| TASK GOAL |
For this exercise, print all of the data exactly as given.

DATA EXCERPT Start Marker

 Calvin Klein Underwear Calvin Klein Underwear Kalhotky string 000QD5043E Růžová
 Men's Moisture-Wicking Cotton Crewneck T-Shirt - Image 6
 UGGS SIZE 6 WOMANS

DATA EXCERPT End Marker

| TASK ANSWER |
 Calvin Klein Underwear Calvin Klein Underwear Kalhotky string 000QD5043E Růžová
 Men's Moisture-Wicking Cotton Crewneck T-Shirt - Image 6
 UGGS SIZE 6 WOMANS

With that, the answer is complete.